Voilà bien longtemps que nous n’avons pas donné de nos nouvelles. Pourtant, on a fait pas mal de choses depuis notre retour en France !

Après moultes hésitations, nous avons décidé d’atterrir à Paris et de passer quelques jours chez mes parents à Pouilly. La bonne odeur de paella émanant des cheminées de l’usine William Saurin nous manquait !

Non, plus sérieusement, après le stress de l’accident, nous avions un réel besoin de nous ressourcer en famille. Les enfants ont retrouvé avec joie Papy et Mamie, le jardin et les balançoires. J’ai pu faire un peu de couture. Simon en a profité pour finir de passer son examen de plongée.

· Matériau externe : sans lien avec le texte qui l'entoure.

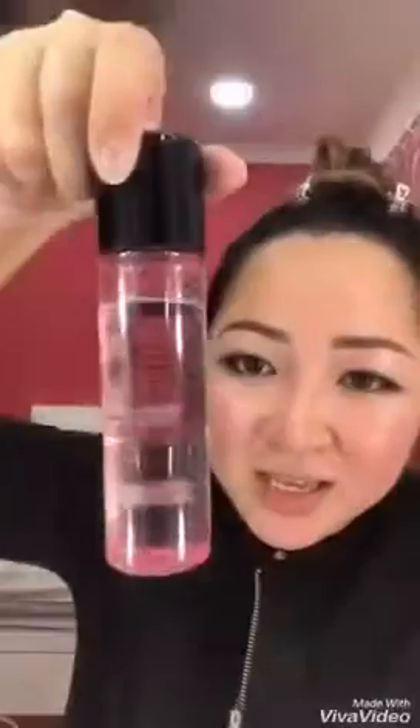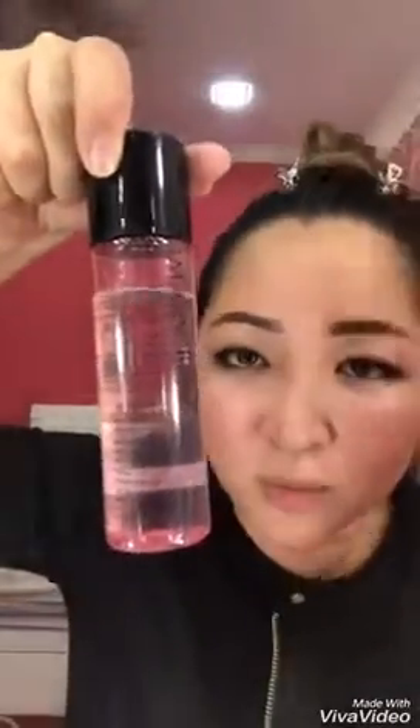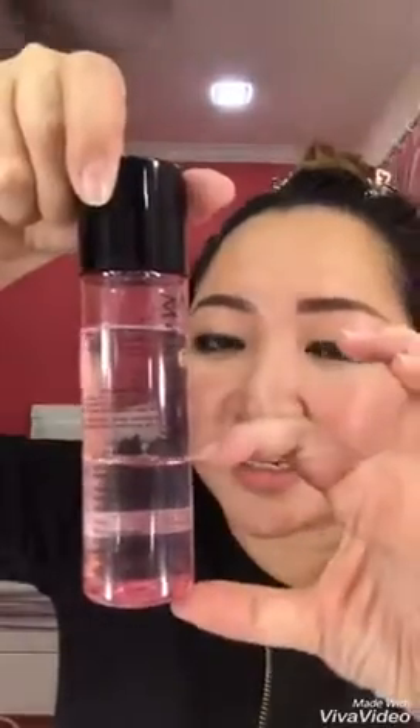If you see the two layers — the top part is actually to remove all the waterproof makeup, for example your eyeliner, your mascara, and even your eye cream. The lower part is to remove all the non-waterproof makeup.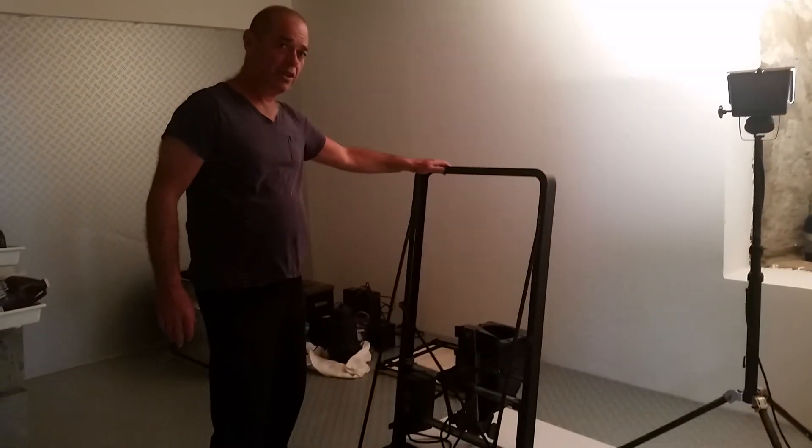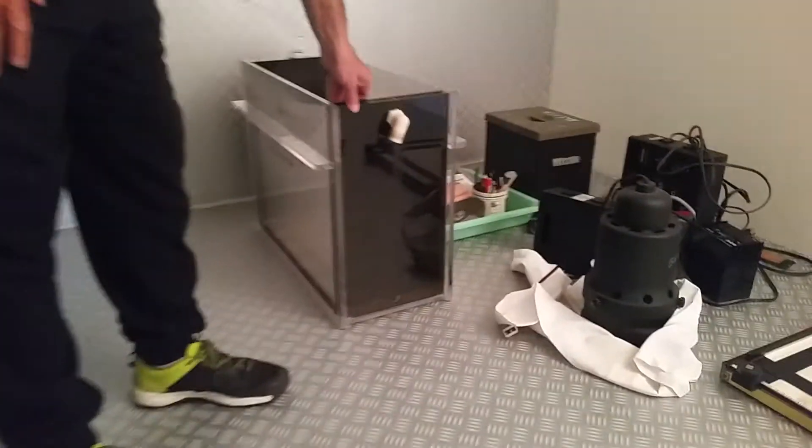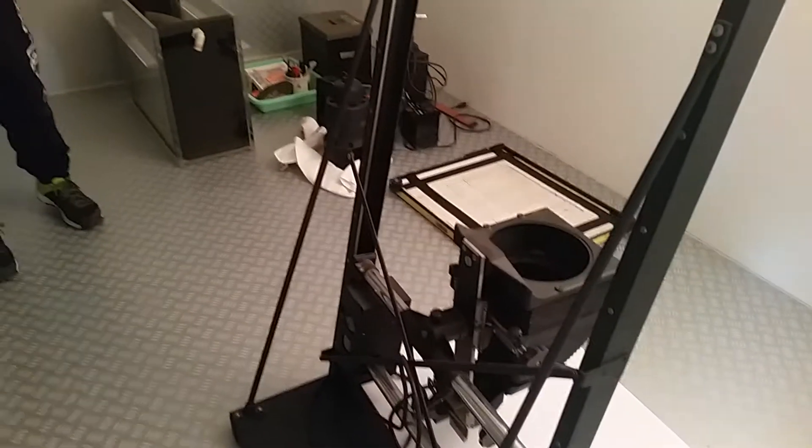Here's my beautiful enlarger, and here's my beautiful print washer. And it's all here. I'm so happy. My beautiful brand-new darkroom, a new home for my enlarger, washer, and everything. I'll be doing it soon.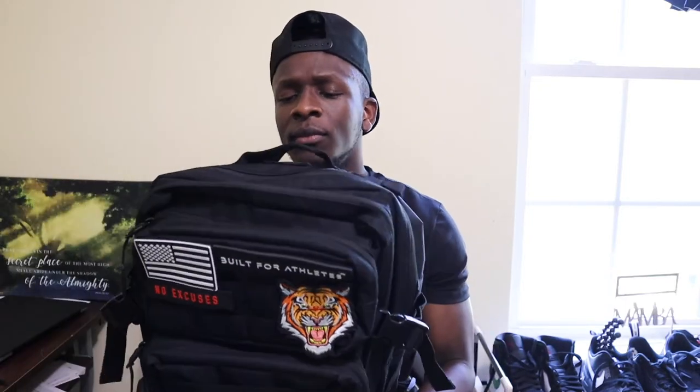Today I'm just going to make a short video to keep you guys updated about the Build For Fitness backpack I bought about a month ago. I did the unboxing about a month ago and I'm going to tell you how the bag is holding up. I have it right here — my favorite backpack at the moment, honestly I can't complain.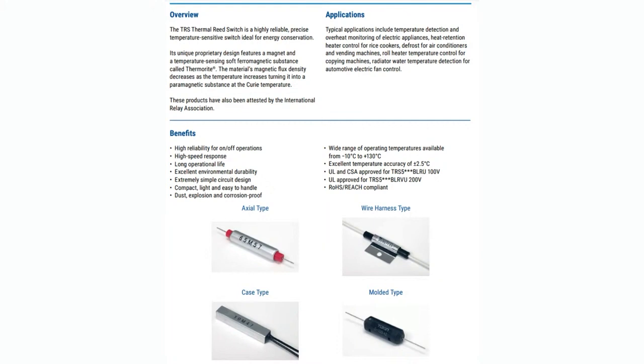So there's the thermal reed switch series. It comes in a couple different packages, and there are multiple different temperature ranges. Each one has a set point that either makes or breaks below or above that point. The make ones — when they go above the temperature, they make the connection. The break ones — when they go above the temperature, they break the connection.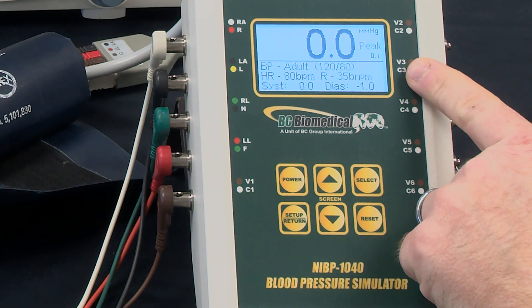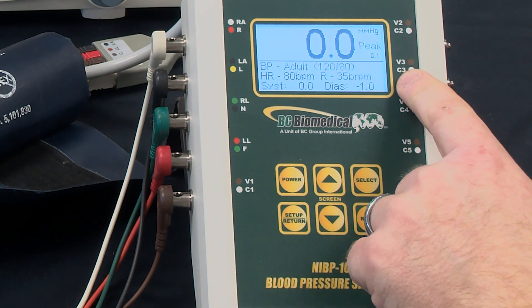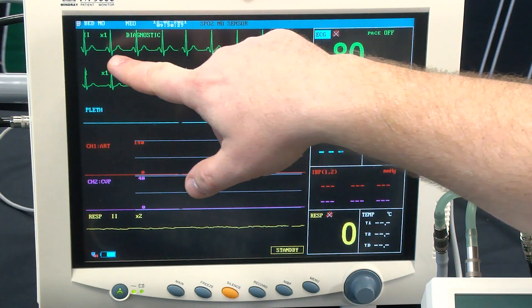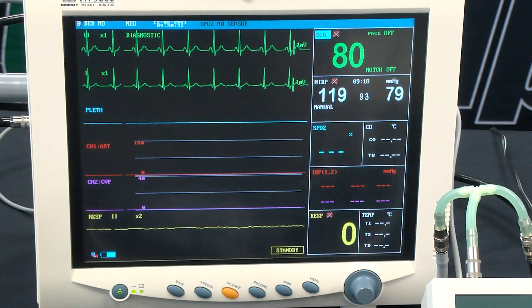The NIVP will default to 120 over 80 BP simulation with a heart rate of 80 beats per minute and a normal sinus rhythm. We can see lead two is showing a normal sinus rhythm and our rate is 80 beats per minute.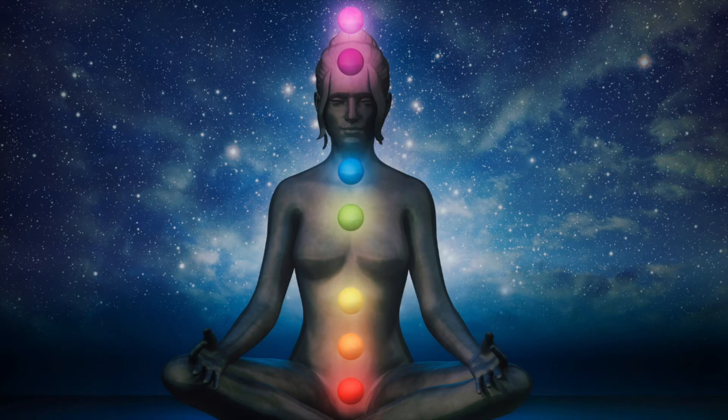When that feels complete, bring Mother Earth energy up again through the root chakra into your second chakra. The color is orange. Bring the Vesica Piscis on either side of that chakra together. See it glowing and spinning, whole and healthy.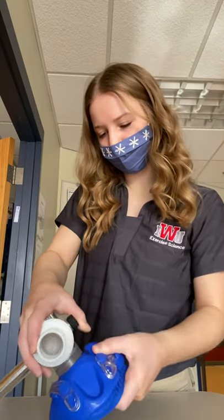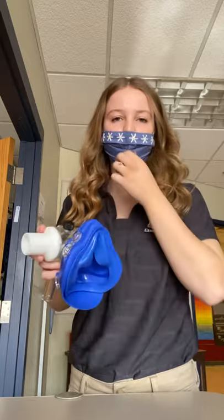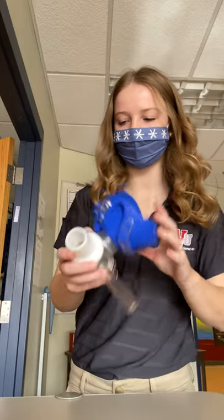You just kind of have to pull and work it in. Then you'll look at the other side of the mask just to make sure that it's threaded correctly — it should just look like that, just a plain circle on the inside.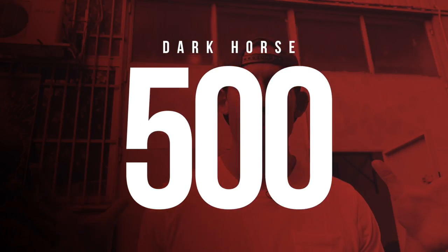What's up guys, and welcome back to another Dark Horse Challenge. We are here this week with what I like to call one of my favorites, the Dark Horse 500.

Nous avons passé notre premier weekend en Belgique. Hanaé avait tellement envie de manger des vraies frites que l’on n’a pas résisté à l’envie d’aller voir mon frère à Bruxelles. Nous en avons profité pour visiter le musée Horta et les serres royales. Ça nous a fait un drôle d’effet de faire la queue au guichet pour prendre une place de musée ou qu’on nous demande de laisser nos affaires au vestiaire … Va falloir se réhabituer ! Nous avons passé un excellent weekend, arrosé de bonnes bières ce qui nous a bien remonté le moral 🙂

Nous passons un second weekend à Strasbourg chez mon frère pour y fêter les 20 ans de ma nièce (le temps passe). C’est un super moment. En plus, j’ai le plaisir d’accompagner ma filleule à sa compétition de GRS et surtout la fierté de la voir se qualifier pour la coupe de France !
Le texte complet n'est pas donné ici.